Once the 3D model of the frame was completed it was printed using a 3D printer. The horizontal frame took the longest to print by taking 20 hours to complete. The vertical frame was a fraction of the time taking only 3 hours to print. The fastest part to print was the base which took about 2 hours to print because of its symmetrical shape. In total it took roughly 25 hours to print the entire frame for the project.
Power Unit
A +12V supply was needed to power both of the motor drivers. A +12V wall adapter was used along with a pair of coupling capacitors to run power to the DRV8825 IC's. In addition, a +5V supply was required to power the Raspberry Pi 3 board, which controls the motor drivers over GPIO. To step down the 12 volts from the wall adapter, we used a 5V switching regulator because it could handle the heat and power capacity that would be required when running the motors.
Motor Driver
The TI DRV8825 IC is capable of driving a bipolar stepper motor, so two of these chips were implemented for the pitch and yaw motors. The controller was powered with a 12V supply, as shown in the figure. This specific motor driver was chosen primarily because of its simple STEP/DIR interface. The driver would receive a direction signal along with a PWM signal. The frequency of the PWM signal dictates the speed at which the stepper motor would turn in the direction specified by the DIR pin. The motor driver also had microstepping capabilities so that we could coordinate the steps per rotation of each motor to deliver the maximum smoothness while turning the motor. The breakout board that carried the motor driver allowed for easy implementation and connection to the Raspberry Pi and PWM driver.
PWM Driver
Because the Raspberry Pi 3 only has one hardware PWM output pin, an external PWM driver was chosen to drive the PWM signals that controlled the two stepper motors. The PCA9685 16-channel PWM controller was chosen as the interface between the microcontroller and the two stepper motors. The PWM controller communicates with the Raspberry Pi over the I2C bus with just two wires. With this device, the PWM frequency could be adjusted between 24Hz and 1526 Hz, which was an acceptable range for the application of this project. The frequency was set by modifying the register that dictated the frequency prescaler in the equation in figure 4.
Hardware Interface
In this section, you can describe how your hardware communicates, such as which BUSes used. You can discuss your driver implementation here, such that the Software Design section is isolated to talk about high level workings rather than inner working of your project.
Motor System Class
In order to communicate from the higher-level OpenCV motion tracking module to the lower-level motors, a Motor System class was developed in the intermediate layer. The Motor System class was developed with various functions that the motion tracking module would call upon to control the individual motors' movement. A summary of the basic functions the Motor System provided are below. The main purpose of the Motor System is to pass the speed and direction commanded by the OpenCV module to the individual motors and also to determine the motor step size that would produce the most refined movement of the motors.

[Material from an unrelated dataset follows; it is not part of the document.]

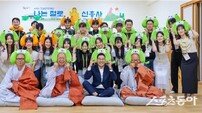 강원관광재단, 사찰 관광 특화 프로그램 ‘나는 절로, 신흥사’ 성황리 마무리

// Motor System Class void power_off(void); void power_on(void); /** * Sets the speed for both the yaw_motor and pitch motor * * @param x_speed speed of horizontal motor * @param y_speed speed of vertical motor */ void set_x_y_speed(float x_speed, float y_speed); /** * Checks if either system is faulted * * @return true if either motor is faulted */ bool is_faulted(); /* * Sets motor step size for maximum smoothness given minimum rotation time */ void set_smoothness();
The Motor System is also responsible through its constructor for initializing the pitch motor and yaw motor by assigning each GPIO pin to its corresponding function in the Driver class.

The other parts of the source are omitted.